Этот небольшой монолог Шерлок Холмс произносит в рассказе «Морской договор»1 (The Adventure of the Naval Treaty, 1894), к довольно-таки раздраженному недоумению своих клиентов, которые ждут от знаменитого сыщика вовсе не отвлеченных разглагольствований, а скорейшего разрешения загадки. Здесь проявляется другая сторона Холмса – артиста, эстета, любующегося «прелестной розой», «тончайшими оттенками розового и зеленого», и даже, пожалуй, Холмса-мистика, и, хотя он и остается как будто бы все еще на почве логики и рацио, свой дедуктивный метод он парадоксальным образом предлагает применить к области иррационального, недоказуемого. «Роза дана нам сверх всего» – и в ней мы легко опознаем агальмический объект, «запах и цвет», нечто бесполезное и неуловимое, но тем не менее выступающее в качестве причины нашего желания, нашего существования в качестве субъекта.
Софи Маррэ-Мальваль в уже упоминавшейся работе «Бессознательное у истоков современного мифа: основополагающие мифы англосаксонской фантастической литературы»2 задается вопросом о том, как то или иное произведение становится «современным мифом» (таким, как мифы о Франкенштейне, Джекиле и Хайде, Дракуле). Почему, например, мифом – и родоначальником всех последующих фантазий о вампирах – стал «Дракула» Брэма Стокера, а не роман Шеридана Ле Фаню «Кармилла», написанный на 26 лет раньше? Опираясь на 17-й семинар Лакана «Изнанка психоанализа», она выделяет три условия, которым должен удовлетворять современный миф: миф содержит в себе бессознательное знание – его истина затрагивает Реальное наслаждения; миф транслирует знание о субъекте бессознательного (т. е. о субъекте расщепленном, подлежащем закону кастрации) в противоположность дискурсу науки; в мифе сохраняется вера в существование Другого3.
«Дракула» (1897) и Шерлок Холмс (впервые читатели знакомятся с ним в 1887 г.) созданы в эпоху триумфального шествия прогрессивной позитивистской науки и сами являются ее плодом. Наука претендует на то, чтобы полностью исчислить, измерить, рационализировать Реальное; но Дракула занимает место объекта тревоги, обозначающего границы рационального знания. Всемогущее и загадочное наслаждение Другого, воплощенное в фигуре трансильванского графа, вторгается там, где обнаруживается нехватка нехватки, отделяющей субъекта от Реального4.
Чтобы заклясть чудовище, нужно вновь обрести для себя истину кастрации, расщепленности субъекта: кастрация, символический закон, кладет предел власти вампира, фрейдовского отца Орды.

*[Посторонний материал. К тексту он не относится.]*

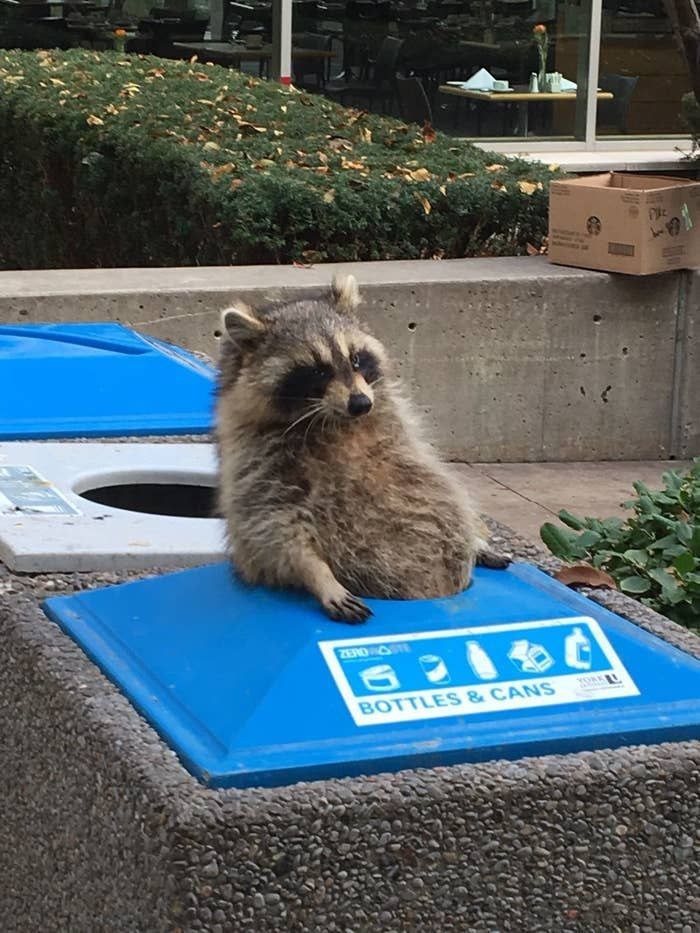 raccoon with confusing auras (@raccoonauras) on Twitter photo 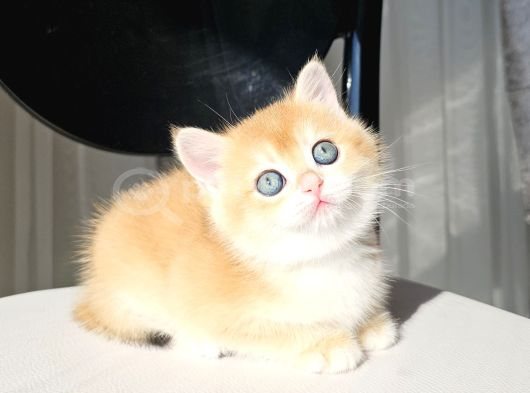 Safkan Golden British Shorthair görsel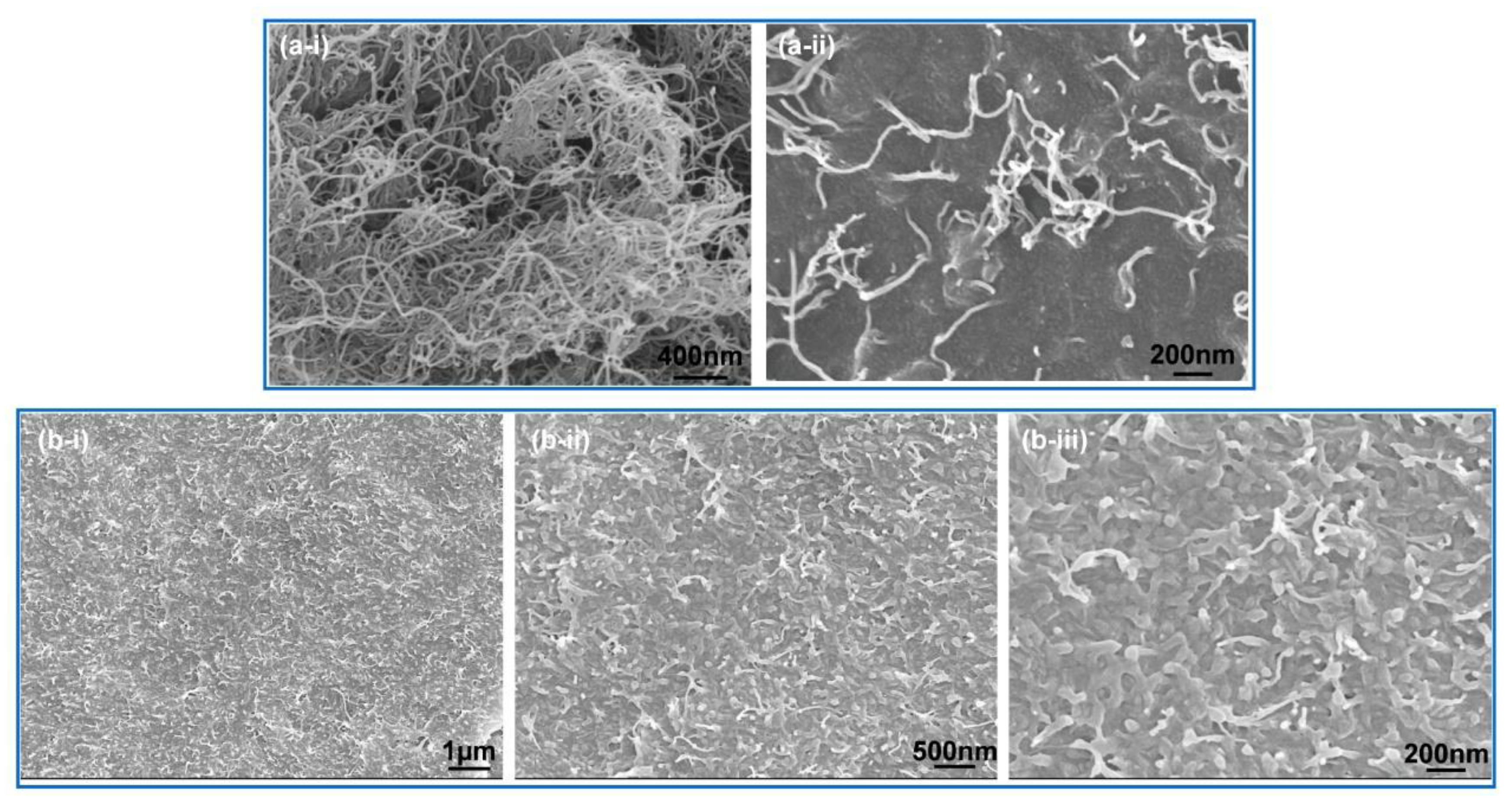 Polymers 12 01797 g003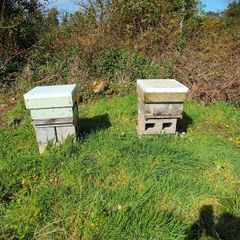 Bees for sale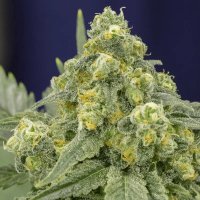 (Bild für) White Widow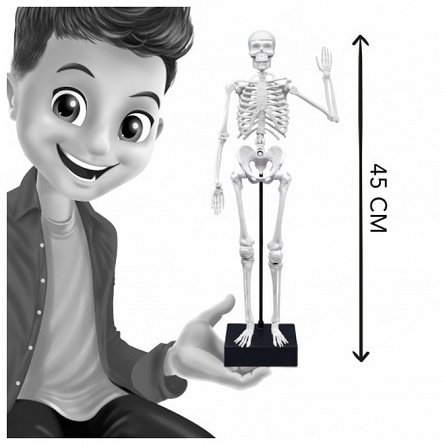 Schelet Gigant 45 cm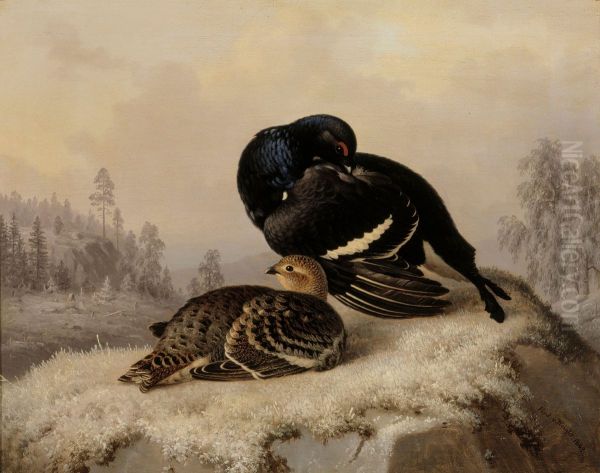 Black Grouse, Cock and Hen - view 1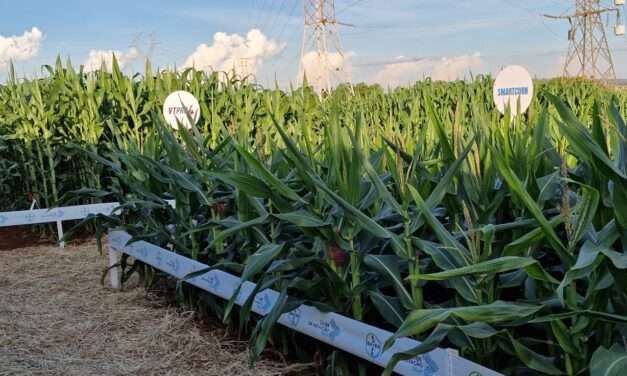 Aprueban en Argentina un nuevo maíz “enano” de Bayer: mayor resistencia y eficiencia para el campo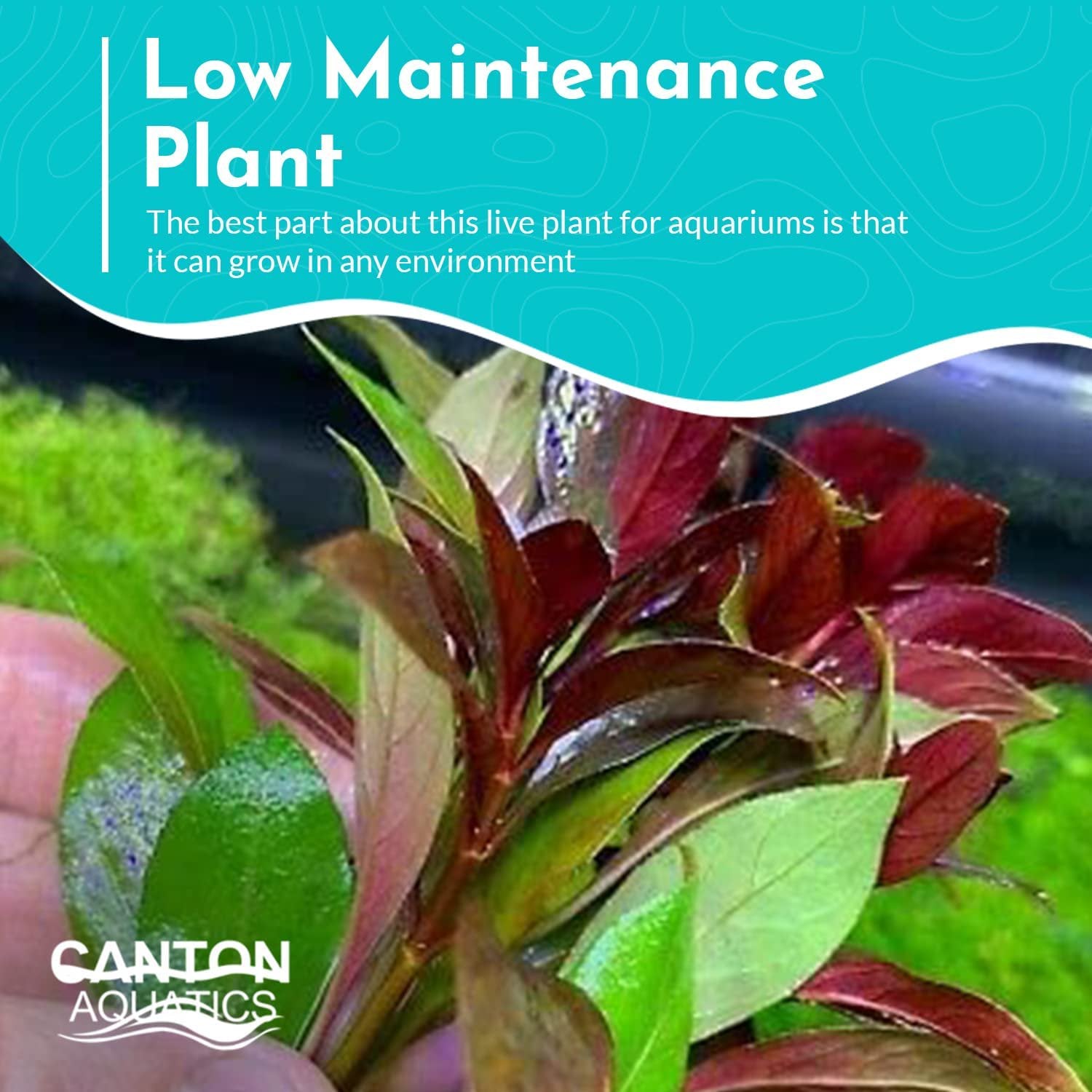 Ludwigia Repens (Dark Red)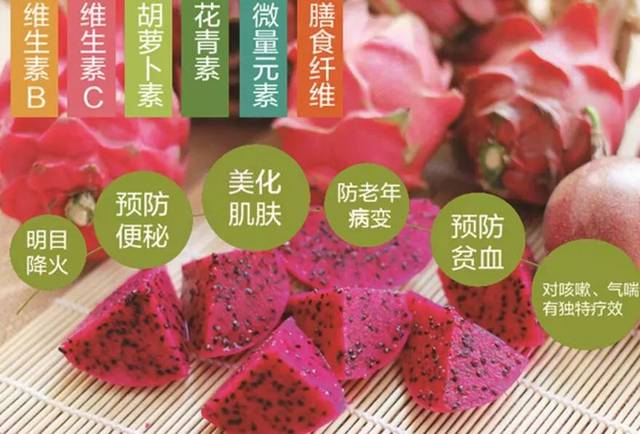 龙潭南庄这个红心火龙果基地火热开摘中!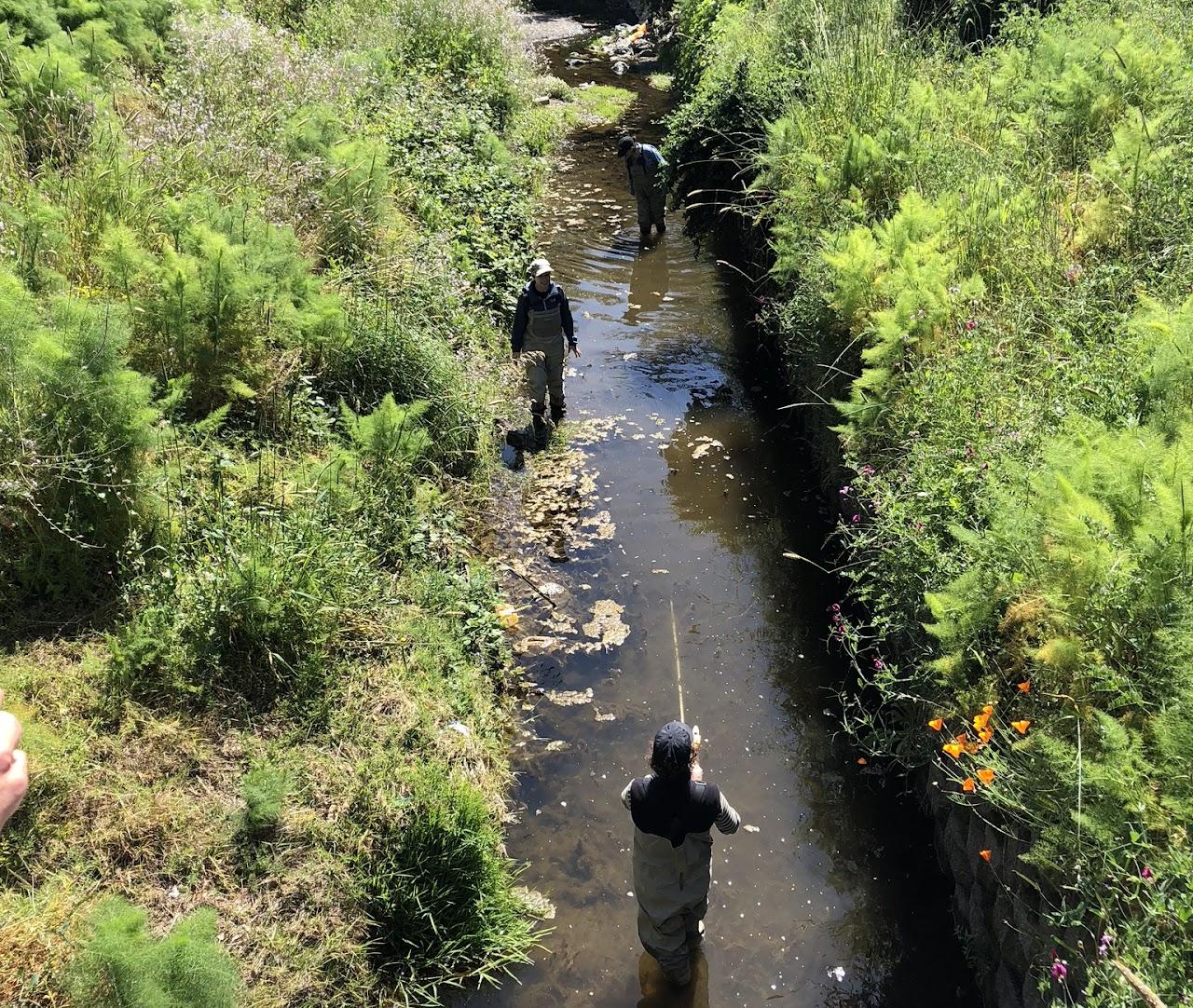 people wading in a creek to monitor trash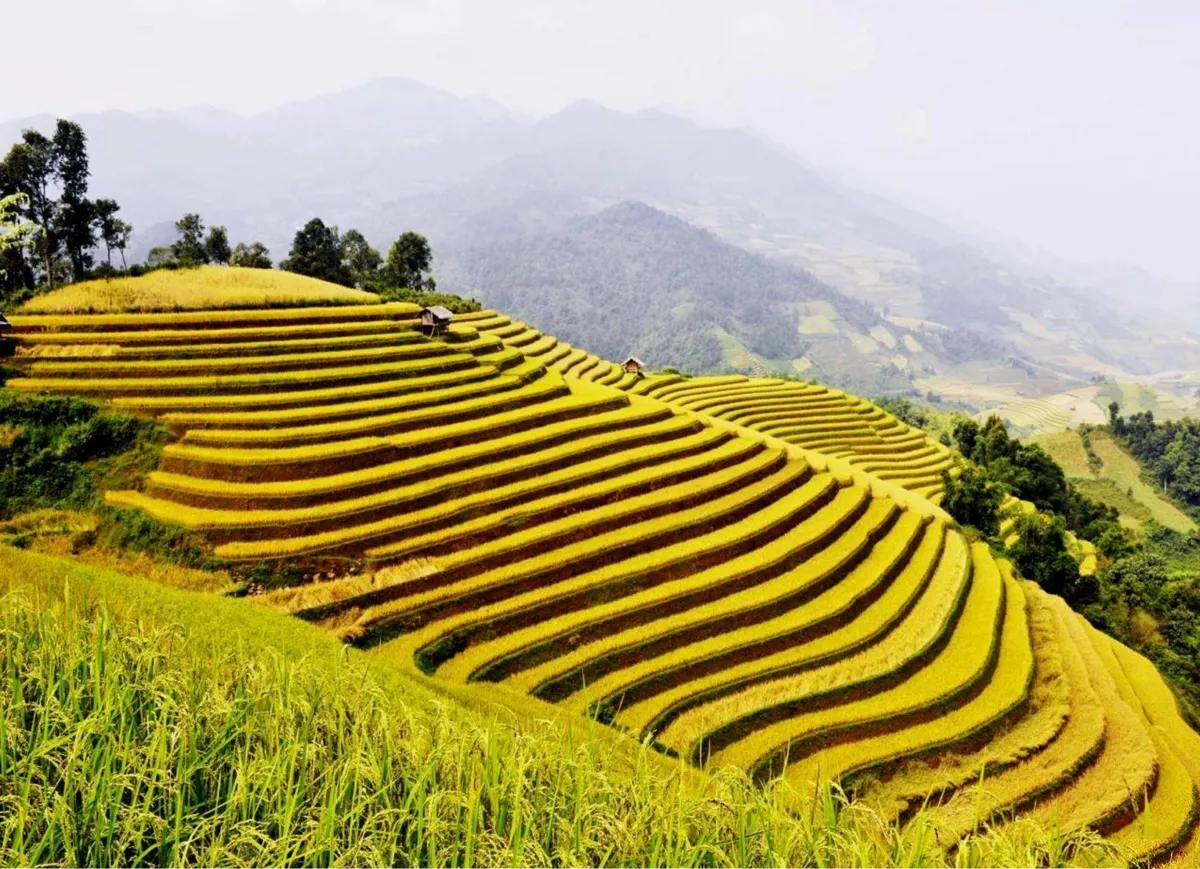 Hoàng Su Phì – Ngỡ ngàng vẻ đẹp ruộng bậc thang mùa lúa chín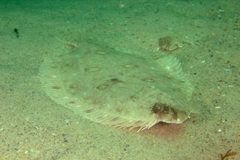 Pseudorhombus jenynsii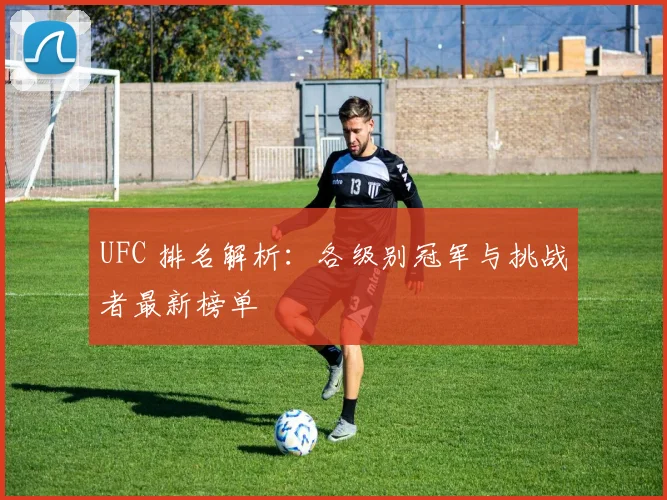 UFC 排名解析:各级别冠军与挑战者最新榜单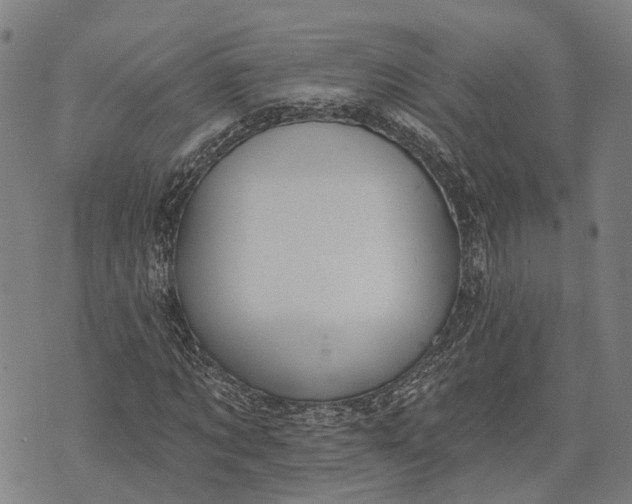 X0000073760869200608241409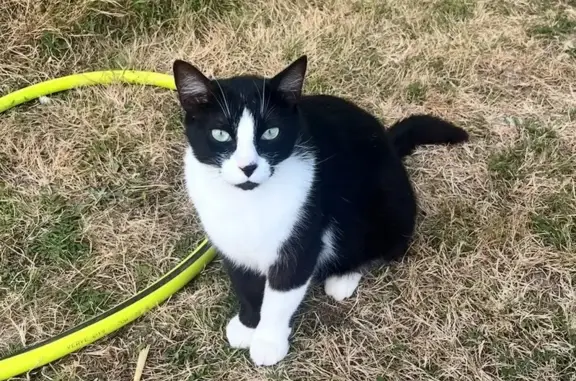 Chat perdu : Schacha, noir et blanc, pucé - photo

Эдип, разгадавший загадку Сфинги, мнит себя неуязвимым, всеведущим сыном Судьбы, но, говорит Лакан в 17-м семинаре5, тревожный объект возвращается в виде чумы, терзающей город, и царю, невольно расследующему собственное «дело», придется столкнуться с этим объектом – истиной о себе. Франкенштейн встретится с объектом своей тревоги – Созданием, страшным продуктом науки, и узнает истину о своей кастрации.
В «Кармилле», полагает С. Маррэ-Мальваль, знание о бессознательном затушевано, размыто: вампиризм рационализируется, объясняется естественными причинами, вписан в границы научного дискурса, а истина тревожного объекта благополучно замаскирована морализмом. В то время как в «Дракуле» (где, помимо прочего, в повествование ярко вплетена тема безумия в лице гротескного и впечатляющего персонажа – Ренфилда, пациента лечебницы для душевнобольных, который поклоняется Дракуле) истина о субъекте бессознательного, о Реальном наслаждения затронута напрямую, и это «придает роману силу мифа»6.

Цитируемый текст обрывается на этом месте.